Some of the farmworkers who came as guests of the fair were veterans of that long struggle. Efren Fraide worked at one of the state’s largest vegetable growers, D’Arrigo Brothers Produce, when the original union election was held in 1975. However, it was only after the legislature passed the mandatory mediation law, forcing growers to sign contracts once workers voted for a union, that the first union agreement went into force at the company in 2007, covering 1,500 people.

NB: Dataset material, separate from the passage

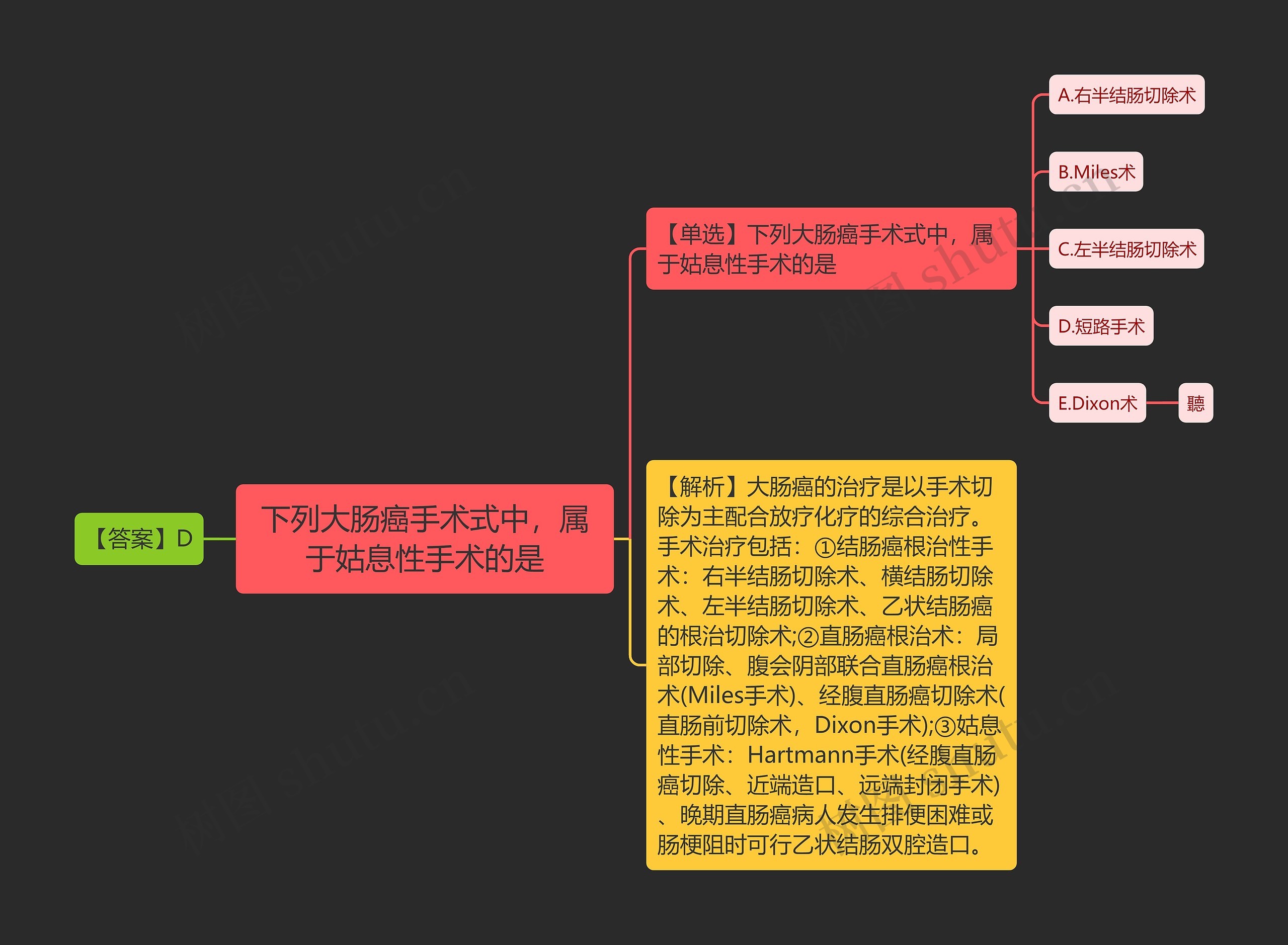 下列大肠癌手术式中，属于姑息性手术的是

D’Arrigo workers maintained their union committee through all the years between 1975 and 2007, organizing strikes and work stoppages to raise conditions and wages. “I’m very proud to see that we’re included here,” Fraide said, gesturing toward the photographs on the walls in the cavernous exhibition hall. “It shows who we are and what we went through. Si se puede!”


As the workers were introduced by UFW President Arturo Rodriguez, they stood up from their seats to applause. Rodriguez noted that some farmworkers, like those working at Monterey Mushrooms’ sheds near Morgan Hill and Watsonville, now make a living wage of between $38,000 and $42,000 in year-round jobs with benefits. “This exhibition recognizes that farm labor is important work, and that it can be a decent job if it includes labor and environmental standards. It can come with job security, and can be professional work,” he emphasized.


“What’s been lacking is an acknowledgment of the people who do the work,” charged Sacramento County Supervisor Phil Serna, son of the capital city’s late mayor, Joe Serna, and nephew of former UFW organizer Ruben Serna. “This exhibition documents their political activism. We wouldn’t be here if it were not for the farmworkers movement.”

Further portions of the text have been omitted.